The change is basically generational. Jameson, who was born in 1934, had lived through the period of actually existing socialism, the defeat of the miners, the fall of the Berlin Wall; as a young man, he would have known for himself the shock and excitement of the new and the modern, and knew whereof he spoke when comparing it to the dreary pastiche of the ‘nostalgia mode’, as he called it, of the 1980s and 1990s. But ‘for most people under twenty in Europe and North America,’ Fisher wrote, ‘the lack of alternatives to capitalism is no longer even an issue.’ This political stasis, he believed, had dire consequences for art and culture: ‘How long can a culture persist without the new? What happens if the young are no longer capable of producing surprises?’ He illustrates the ‘deadlock’, exquisitely, with the example of Kurt Cobain: ‘In his dreadful lassitude and objectless rage, Cobain … knew that he was just another piece of spectacle, that nothing runs better on MTV than a protest against MTV.’ In this scheme of things, Cobain’s suicide in 1994 marked the end of ‘rock’s utopian and promethean ambitions’ and its eclipse by the harsher keeping-it-real philosophy of hip hop.

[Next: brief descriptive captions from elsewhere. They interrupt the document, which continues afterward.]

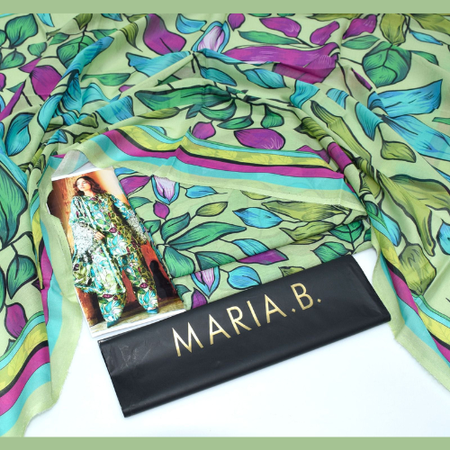 Premium Summer Lawn by MARIA.B – Digitally Printed 3PC Dress with Color Guarantee and Original Brand Quality.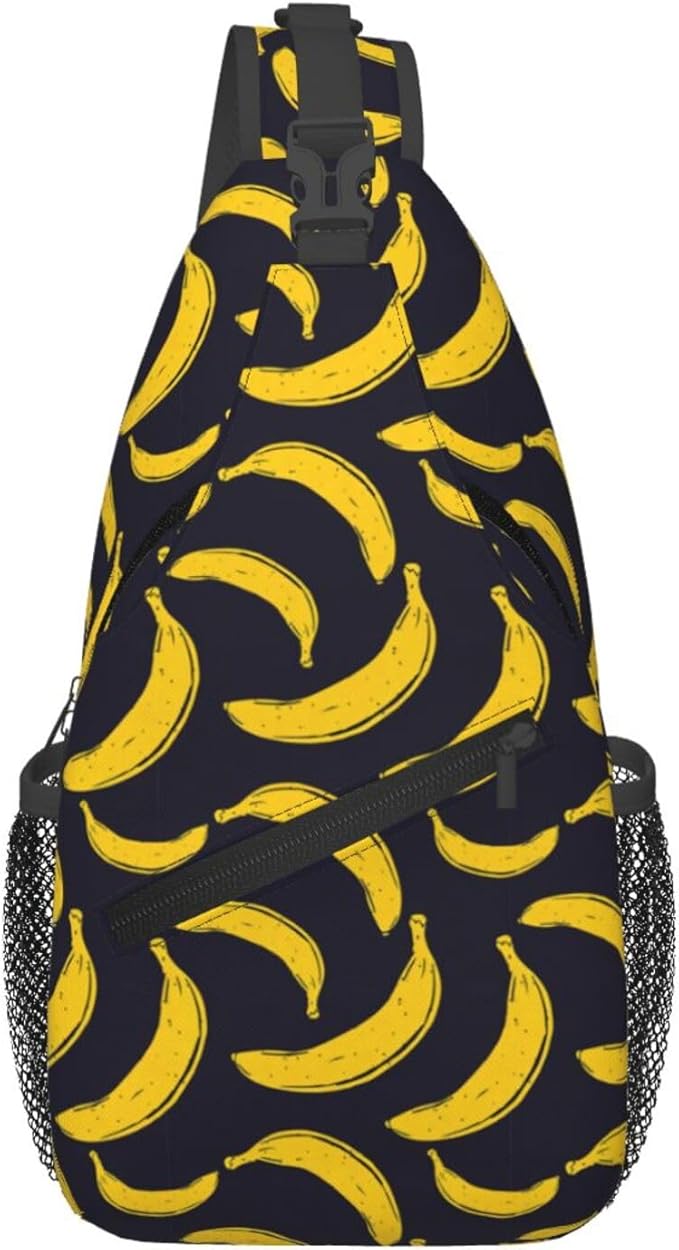 Pop Art Banana Sling Bag For Women Men Fashion Fruits Print Backpack Crossbody Shoulder Bag Sling Backpack Chest Bag Travel Hiking Casual Sport Daypack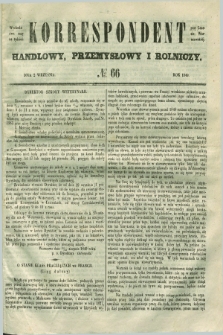 Korrespondent Handlowy, Przemysłowy i Rolniczy : wychodzi dwa razy na tydzień przy Gazecie Warszawskiéj. 1849, № 66 (2 września)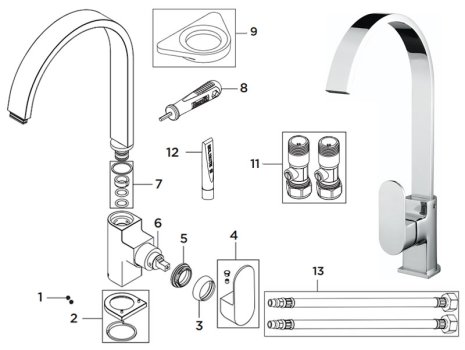 Bristan Cherry Easyfit sink mixer - chrome (CHR EFSNK C) spares breakdown diagram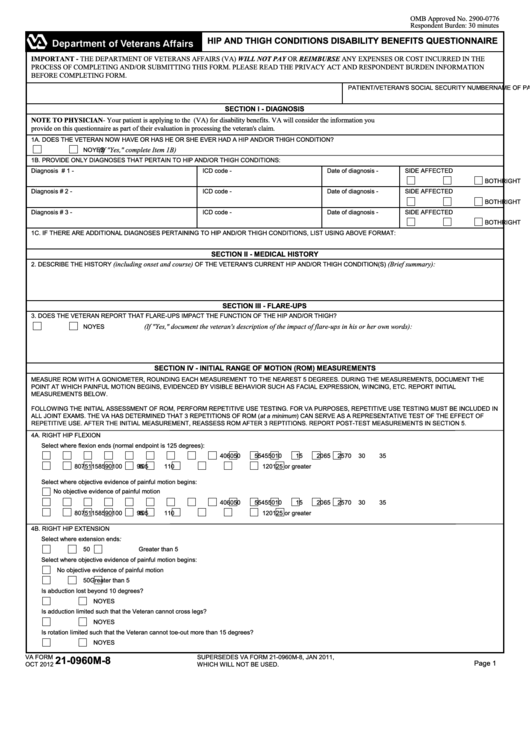 Fillable Va Form 21-0960m-8 - Hip And Thigh Conditions Disability Benefits Questionnaire Printable pdf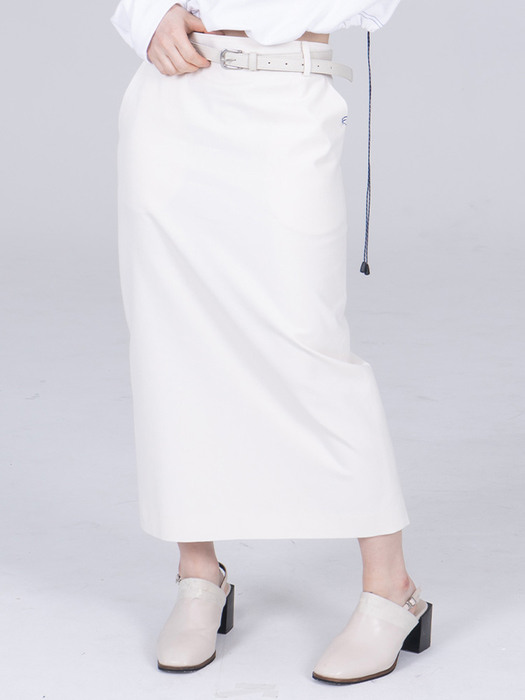 Cotton H-line Belt Skirt_Ivory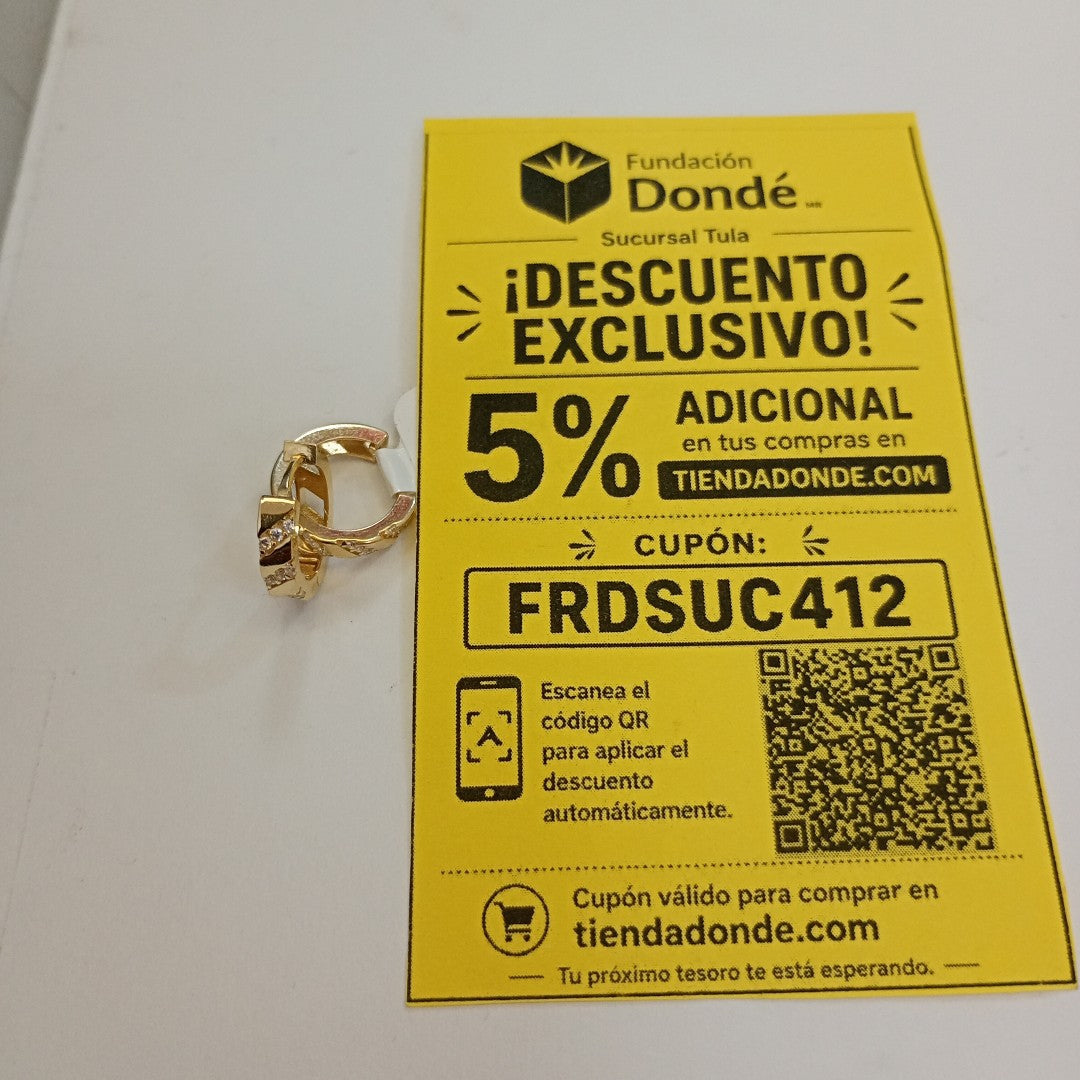 ARETES HUGGIES CON CIRCONIAS 14K 2.2 GR (NUEVO)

Twenty years after Cobain’s death, in Ghosts of My Life, Fisher could hear a new sort of ‘secret sadness’ in Drake’s Take Care, Kanye West’s 808s & Heartbreak, a sadness concerning ‘hedonism itself’: ‘No longer motivated by hip hop’s drive to conspicuously consume – they long ago acquired anything they could have wanted – Drake and West instead dissolutely cycle through easily available pleasures, feeling a combination of frustration, anger and self-disgust, aware that something is missing but unsure exactly what it is.’

The utter desolation of this cycling was seen again recently, when West – the man who righteously derailed a charity telethon after Hurricane Katrina with his outburst about how ‘George Bush doesn’t care about black people’ – visited the White House to see his good friend Donald Trump. ‘You know, my dad and mom separated, so I didn’t have a lot of male energy in my home. And also, I’m married to a family that – you know, not a lot of male energy going on.’ Wearing his MAGA hat, though, he feels ‘like Superman. You made a Superman … That’s my favourite superhero. And you made a Superman cape.’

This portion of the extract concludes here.